*** Block opens ***

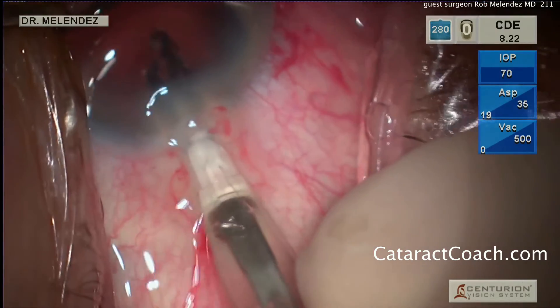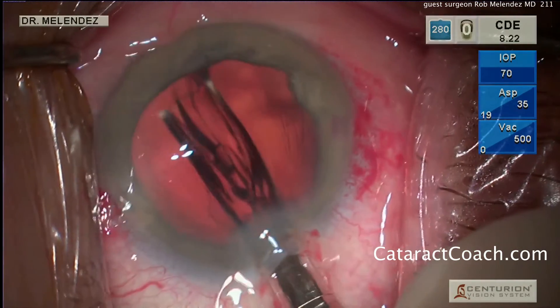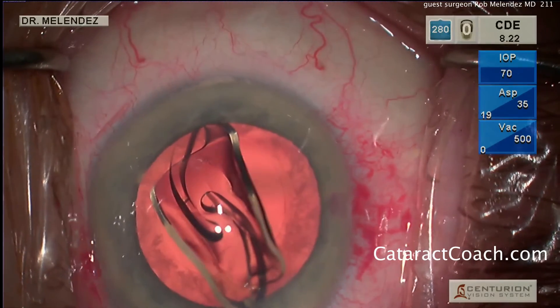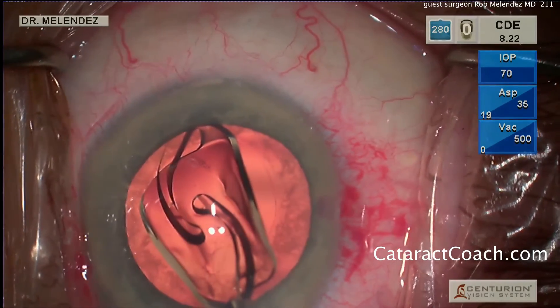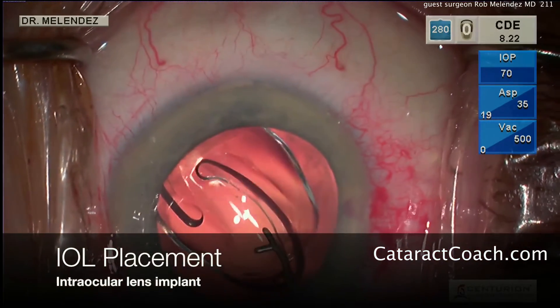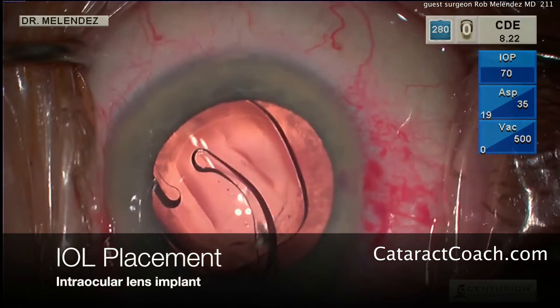Here comes the lens — a single-piece acrylic lens being implanted inside the eye, and that looks great. Now the lens can be positioned inside the capsular bag and behind the capsular axis, using a little Y hook to achieve that.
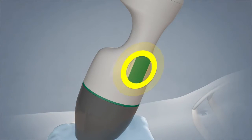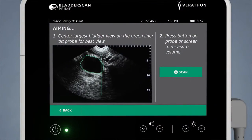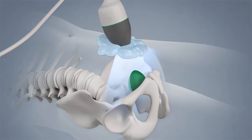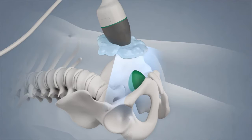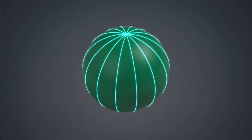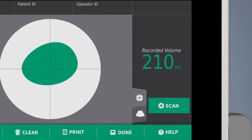Press the scan button to initialize BladderScan Prime's advanced high-resolution live B-Mode aiming. The aim is off-target if the bladder is not centered in the display. Re-aim the probe until the bladder is centered and the cross-section area is maximized. Press and release the scan button again to measure bladder volume. With patented neural harmonics and V-Mode technology, BladderScan Prime scans through multiple planes using two harmonics to produce a remarkable three-dimensional quantification of the bladder. Once the scan is complete, the screen displays the volume result.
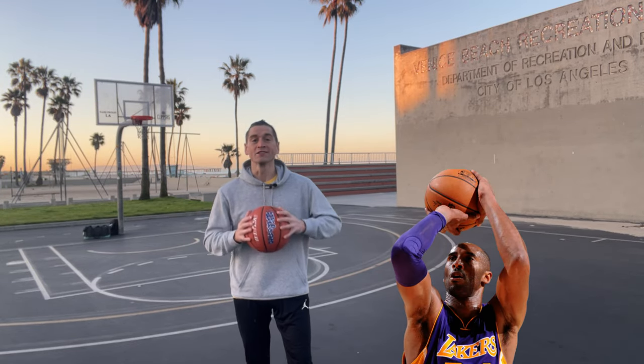I'm here at the iconic Venice Beach courts in LA, and today I'm giving you five steps to master the Kobe Bryant fadeaway. Let's do it!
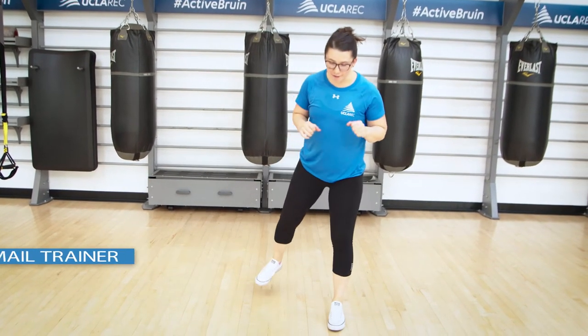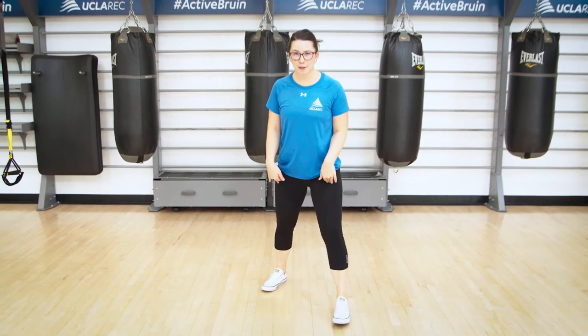We are going to start in a fighting stance. So one foot in front of the other and hands up like so. I'd like you to be on the balls of your feet here ever so slightly. Go ahead and guard your chin.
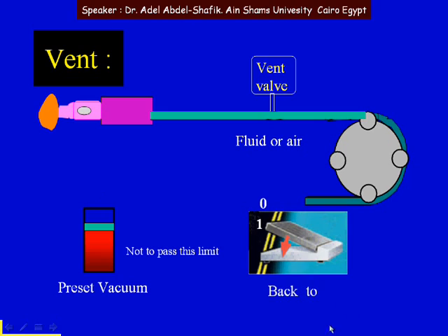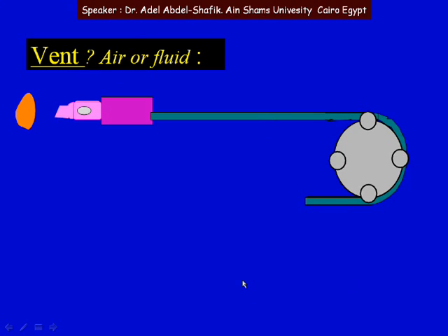Vent is also important when going back to foot position 1 or 0, to ensure we reach that state immediately. Some machines have air vent; other machines have fluid vent. Which is better — air or fluid?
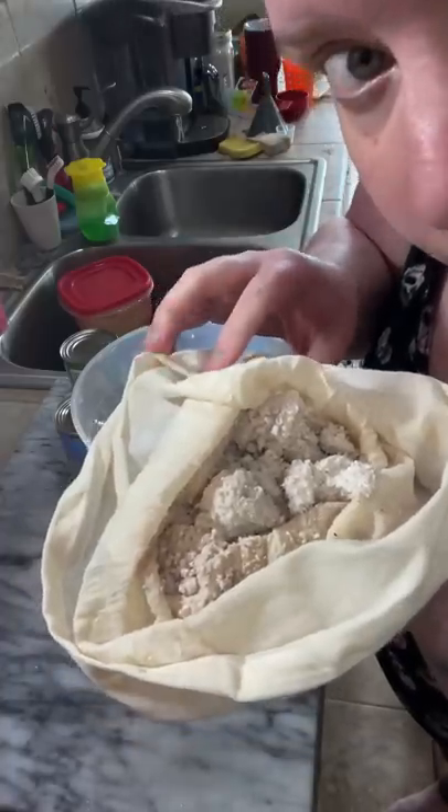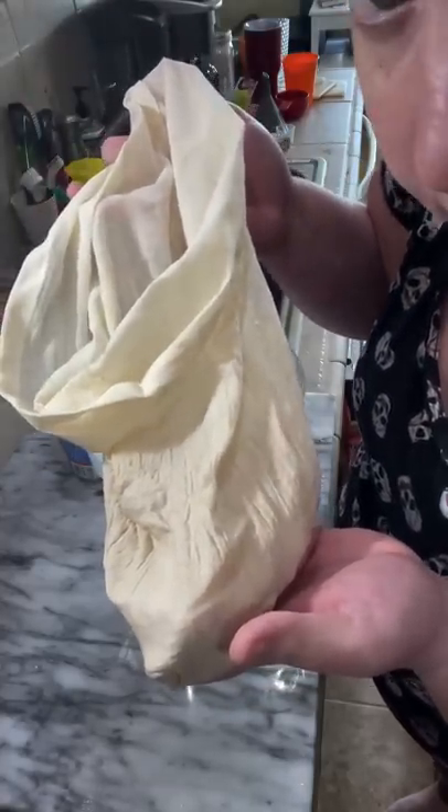Now I put a cheesecloth bag inside my same pitcher and I'm gonna strain out all of the solids. The solids are good plant food and compost, by the way. I got these cheesecloth bags from Amazon — link in bio under kitchen shit.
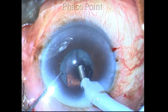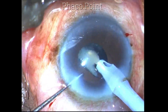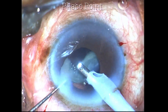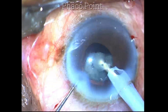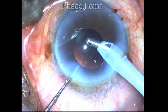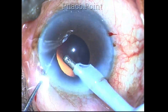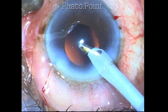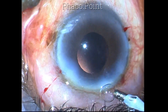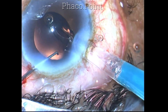Once the nucleus is emulsified, you see a thick inspissated cortex and epinucleus shell which is removed with the irrigation-aspiration probe. This can also be removed with the phaco probe, but given that the posterior capsule would be thin, I prefer the IA probe as it offers a greater level of safety. If a nucleus fragment is stuck to the phaco tip, all you have to do is hold your vacuum and simply pull it out — it will come. This saves time, though it works only if the fragment is small.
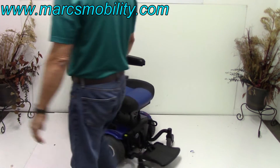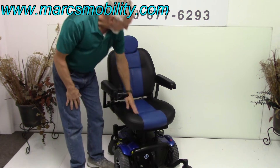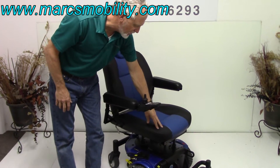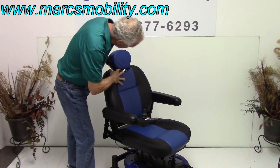Now, about the seat — you can see it's upholstered black and blue to match the chair. Very nice seat. This is the deluxe jazzy seat, one of the best seats ever made. It is a captain seat, a high-back seat with an adjustable headrest.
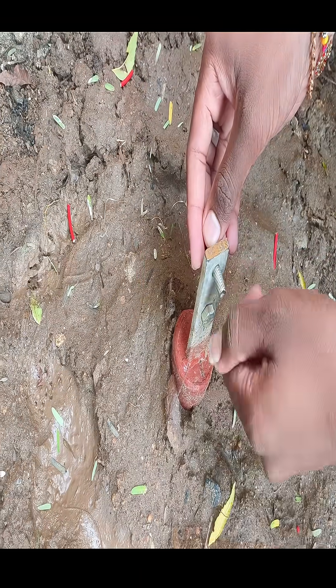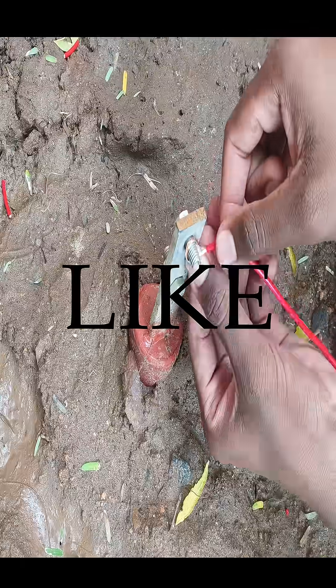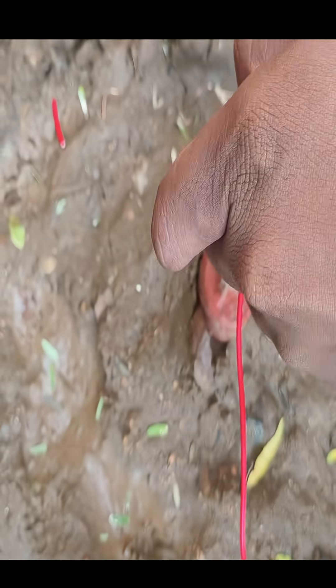Proper earthing does not just save devices, it saves lives. If you like this video, like, share and subscribe to Mr. Undertaker. Watch the full video — link in description. See you soon.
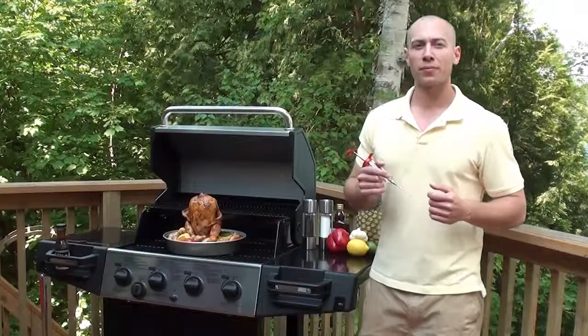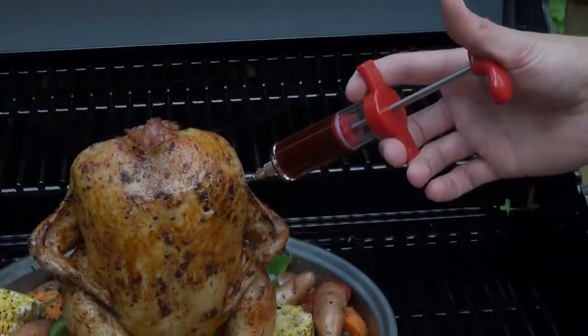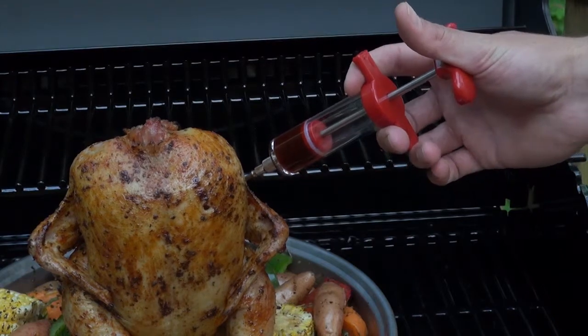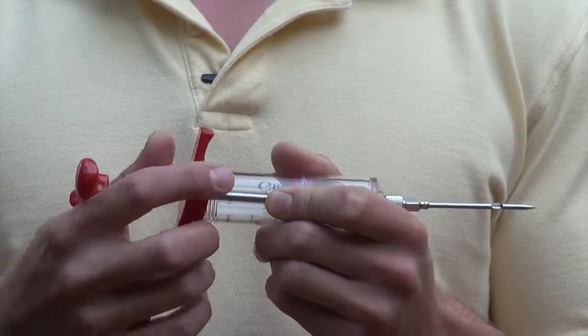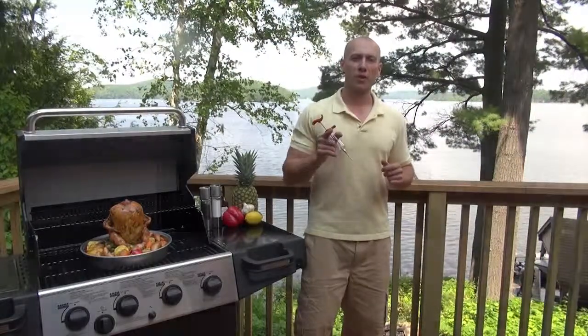Now the marinade injector that I have here has a stainless steel tip for easy application, a graduated cylinder with measurements on it to tell you exactly how much sauce you're adding, and it also disassembles for easy cleaning. Marinade injectors — inject a little flavor into your next barbecue.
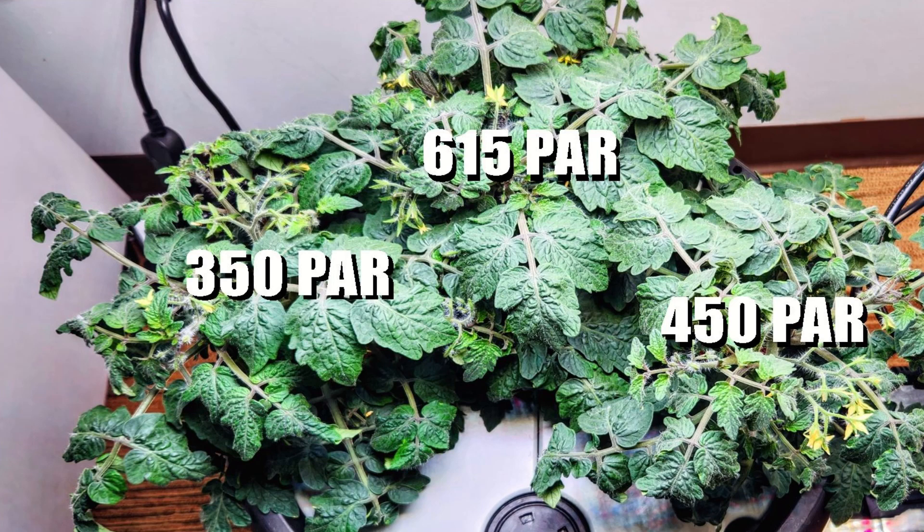In addition to spread, the height of the plants also impacts PAR. Plants that are closer to the grow light receive stronger light. The plant in the center is at 615 PAR, the plant on the right is at 450 PAR, and the plant hanging off to the side at the top is at 350 PAR.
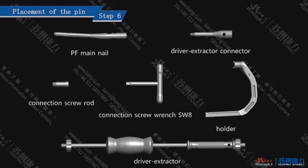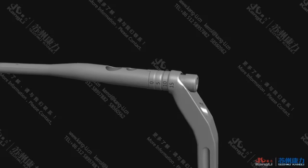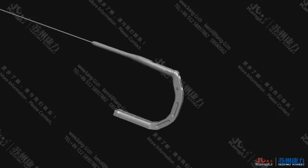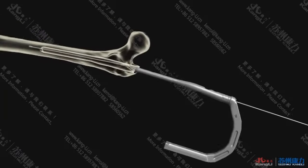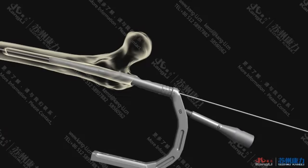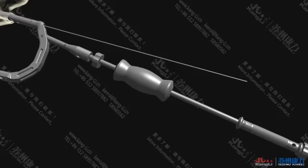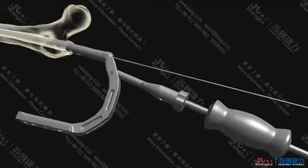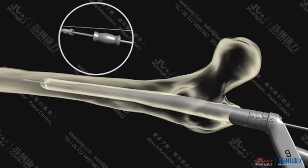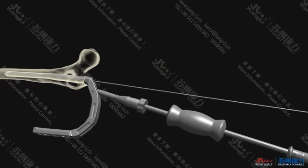Step 6: Placement of the nail. Fix the prepared PF Gamma intramedullary nail onto the holder with the connection screw rod and tighten it with the connection screw wrench. Insert along the ball guide pin and gently swing the holder for insertion. If knocking is needed, install the driver extractor connector onto the holder and connect the driver extractor. Insert the nail by slightly knocking the slider hammer. Remove the knocking devices and the ball guide pin.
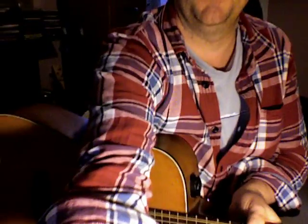Hi, my name's Nick Tan. I'm a 12-string guitarist and I'm going to show you my finger picking style. I'm just going to angle the camera down so you can see what I'm doing.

*** Block closes ***

[Activity] Give back exactly the run of lines that opens the material above and ends at the line with "Vent is also". Omit the pictures.

[Reply]
Here comes the lens — a single-piece acrylic lens being implanted inside the eye, and that looks great. Now the lens can be positioned inside the capsular bag and behind the capsular axis, using a little Y hook to achieve that.
Press the scan button to initialize BladderScan Prime's advanced high-resolution live B-Mode aiming. The aim is off-target if the bladder is not centered in the display. Re-aim the probe until the bladder is centered and the cross-section area is maximized. Press and release the scan button again to measure bladder volume. With patented neural harmonics and V-Mode technology, BladderScan Prime scans through multiple planes using two harmonics to produce a remarkable three-dimensional quantification of the bladder. Once the scan is complete, the screen displays the volume result.
I'm here at the iconic Venice Beach courts in LA, and today I'm giving you five steps to master the Kobe Bryant fadeaway. Let's do it!
We are going to start in a fighting stance. So one foot in front of the other and hands up like so. I'd like you to be on the balls of your feet here ever so slightly. Go ahead and guard your chin.
Vent is also important when going back to foot position 1 or 0, to ensure we reach that state immediately. Some machines have air vent; other machines have fluid vent. Which is better — air or fluid?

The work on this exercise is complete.